** Information provided follows **

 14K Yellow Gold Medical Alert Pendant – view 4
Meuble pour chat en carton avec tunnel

** End of Information provided **
** Information provided follows **

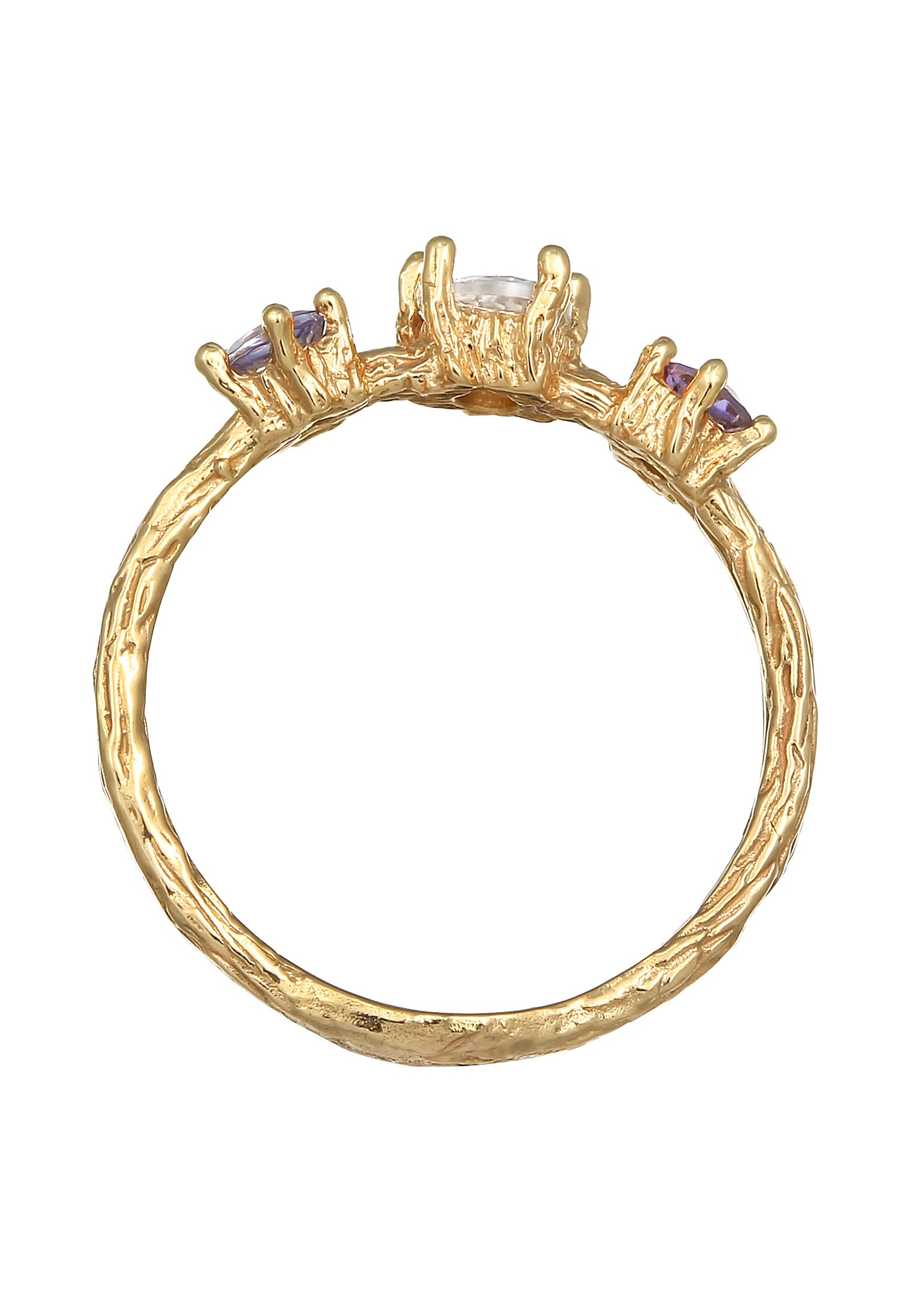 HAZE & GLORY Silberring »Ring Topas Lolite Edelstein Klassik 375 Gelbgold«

** End of Information provided **

• [Task brief]: Return only the part of the records above that opens with the line containing "14K Yellow Gold" and closes with the line containing "Meuble pour chat en carton avec tunnel", ends included.

• [Output]:
 14K Yellow Gold Medical Alert Pendant – view 4
Meuble pour chat en carton avec tunnel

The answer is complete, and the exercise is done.